* _Task directions_
The listing below must be repeated word for word, without its pictures.

* _Given data_
+===+
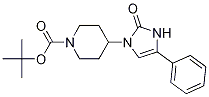 Tert-butyl 4-(2-oxo-5-phenyl-1,2-dihydroimidazol-3-yl)piperidine-1-carboxylate Structure,205058-11-3Structure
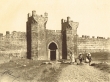 La porte monumentale du Chellah de Rabat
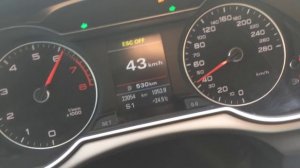 Audi A4 B8. 225Hp quattro REVO Stage 1. 0-100 launch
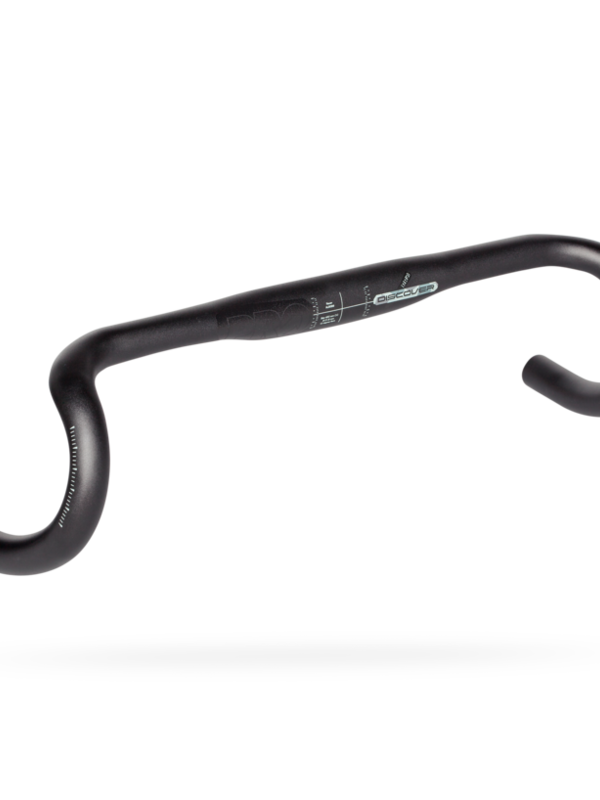 Pro Discover Handlebar Black 44cm / 12 Degree Flare / Drops 49cm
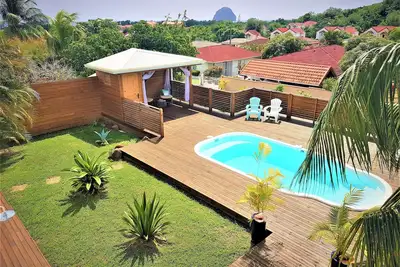 Image de Appartement vue mer Le Mahogany à 500 mètre de la plage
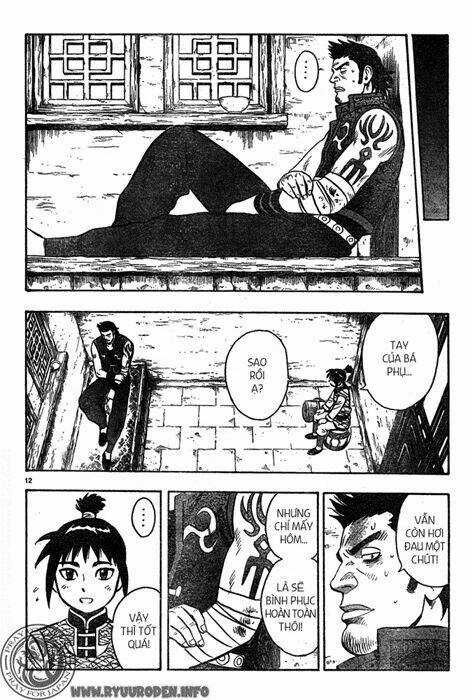 Hoàng Phi Hồng phần IV Chapter 65 trang 11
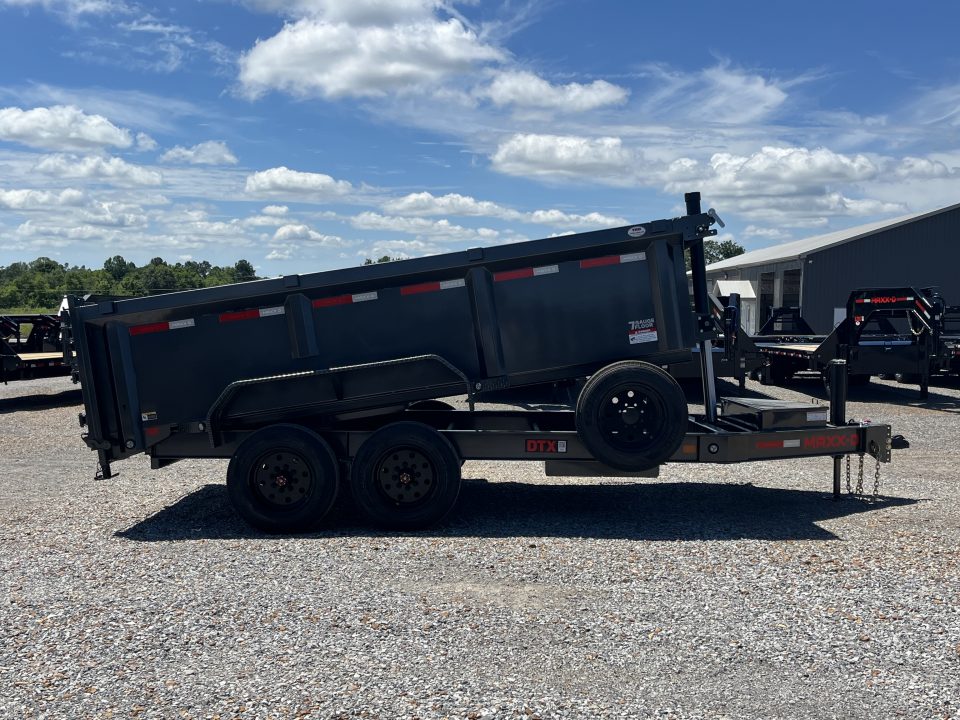 New 2027 MAXX-D 83"X14' 17.5K Telescopic Dump Trailer HYD JACK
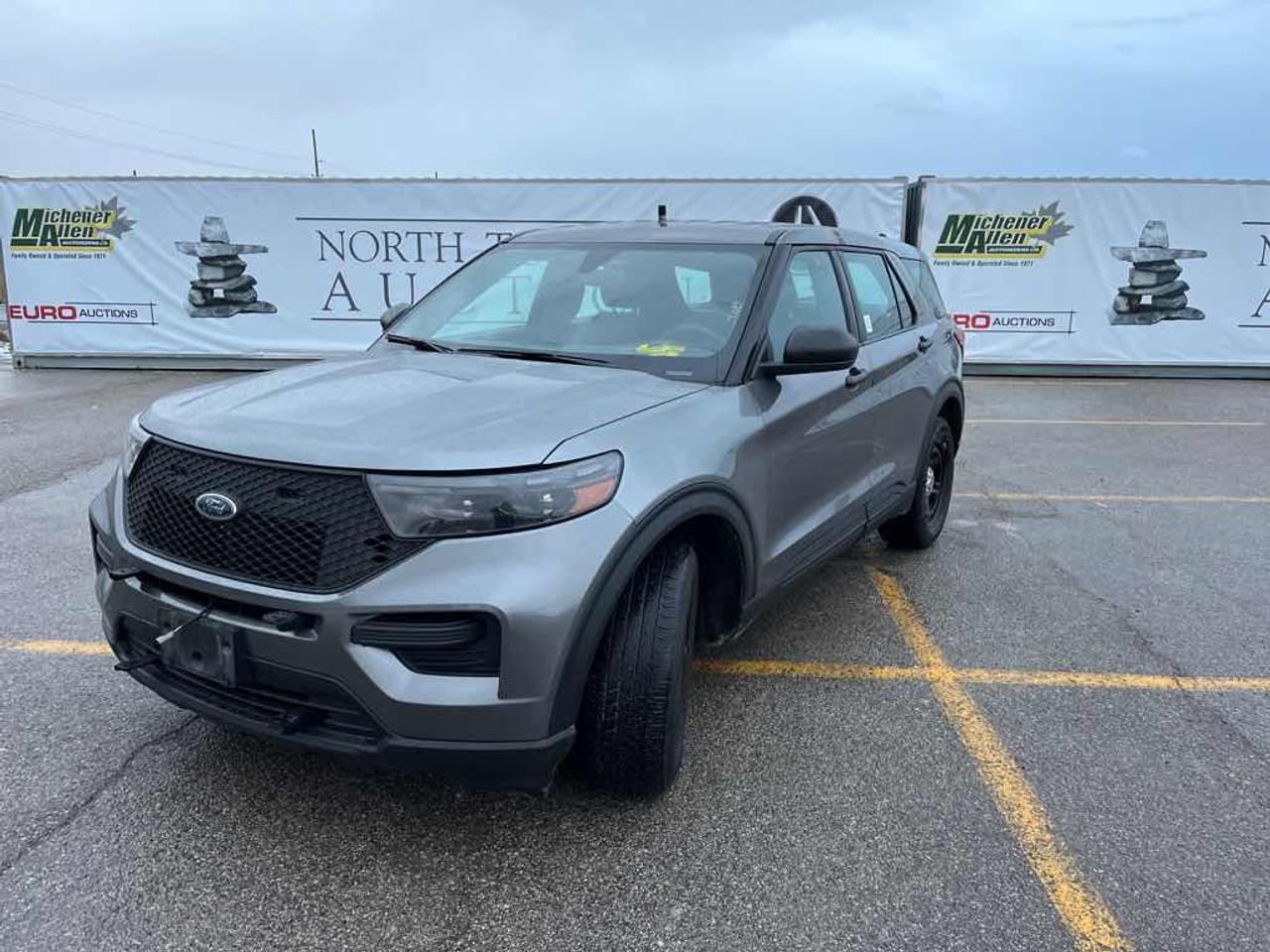 2020 Ford Explorer Police IN - Photo #1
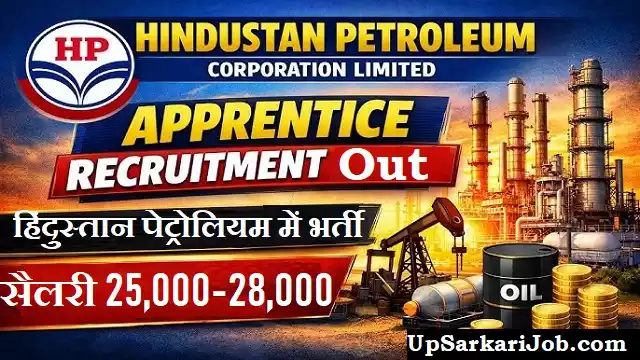 HPCL Apprentice Bharti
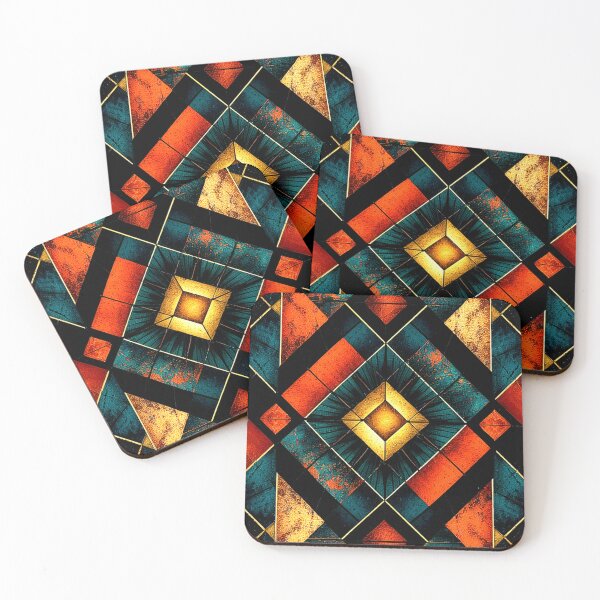 Item preview, Vibrant Geometric Symphony designed and sold by Exodoi.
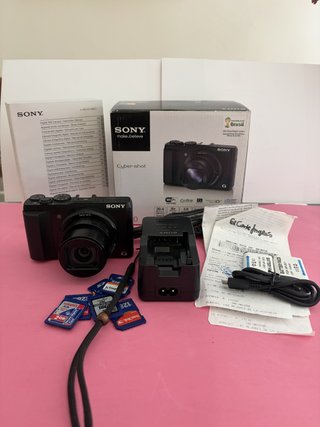 Sony Cyber-shot DSC-HX50 Cámara Compacta negra.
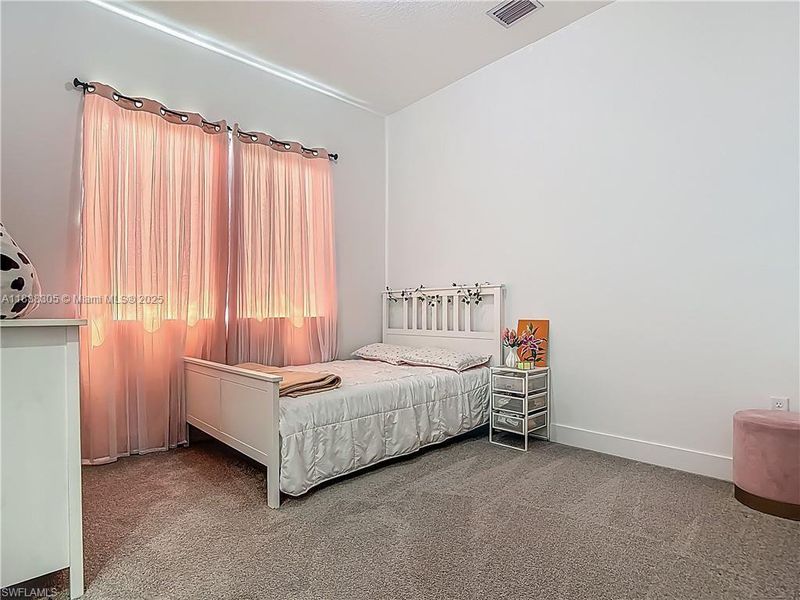 Furnished interior view inside a new home in , Ave Maria (Image 16).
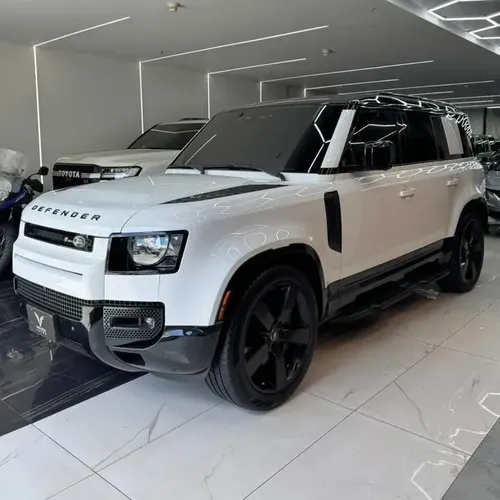 Land Rover Defender 2025 Blanco Caracas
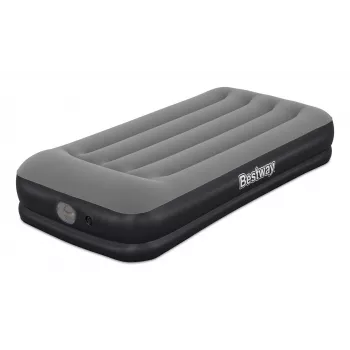 Bestway Tritech Colchão de ar Twin com bomba USB integrada 1,91 m x 97 cm x 36 cm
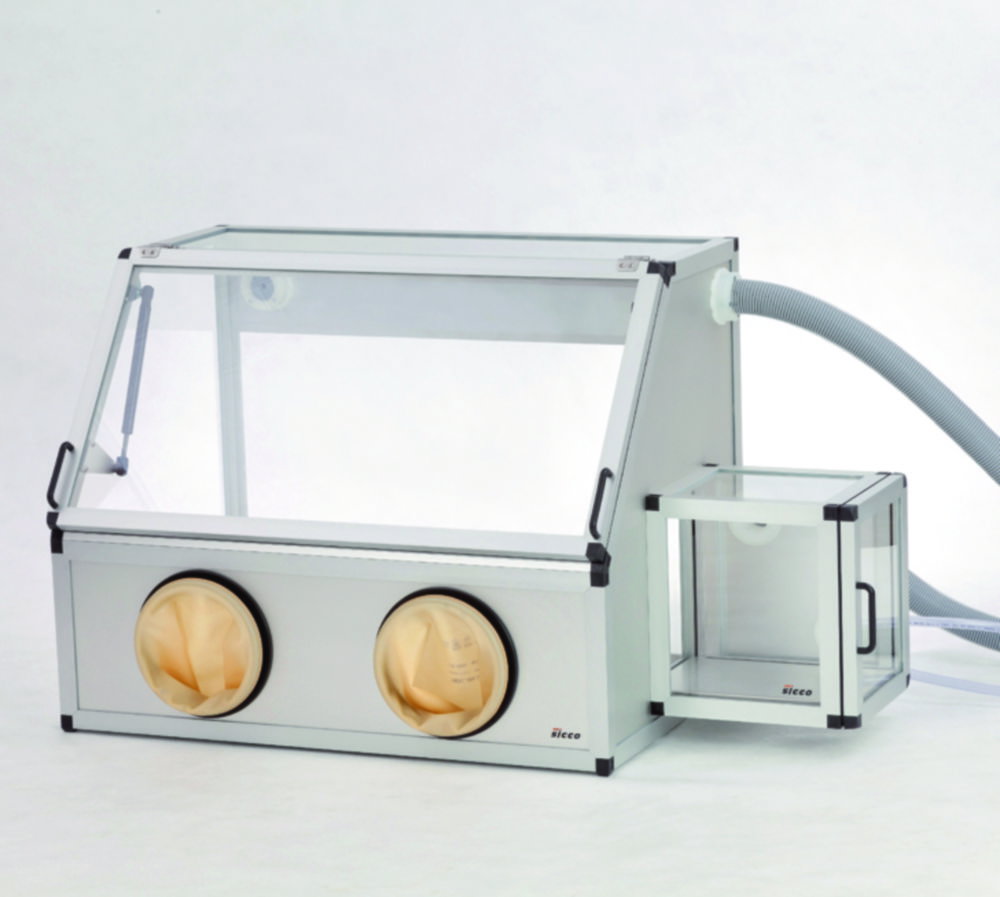 Handschuhbox Vitrum, Borosilikatglas 3.3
+===+
* _Written reply_
 Tert-butyl 4-(2-oxo-5-phenyl-1,2-dihydroimidazol-3-yl)piperidine-1-carboxylate Structure,205058-11-3Structure
 La porte monumentale du Chellah de Rabat
 Audi A4 B8. 225Hp quattro REVO Stage 1. 0-100 launch
 Pro Discover Handlebar Black 44cm / 12 Degree Flare / Drops 49cm
 Image de Appartement vue mer Le Mahogany à 500 mètre de la plage
 Hoàng Phi Hồng phần IV Chapter 65 trang 11
 New 2027 MAXX-D 83"X14' 17.5K Telescopic Dump Trailer HYD JACK
 2020 Ford Explorer Police IN - Photo #1
 HPCL Apprentice Bharti
 Item preview, Vibrant Geometric Symphony designed and sold by Exodoi.
 Sony Cyber-shot DSC-HX50 Cámara Compacta negra.
 Furnished interior view inside a new home in , Ave Maria (Image 16).
 Land Rover Defender 2025 Blanco Caracas
 Bestway Tritech Colchão de ar Twin com bomba USB integrada 1,91 m x 97 cm x 36 cm
 Handschuhbox Vitrum, Borosilikatglas 3.3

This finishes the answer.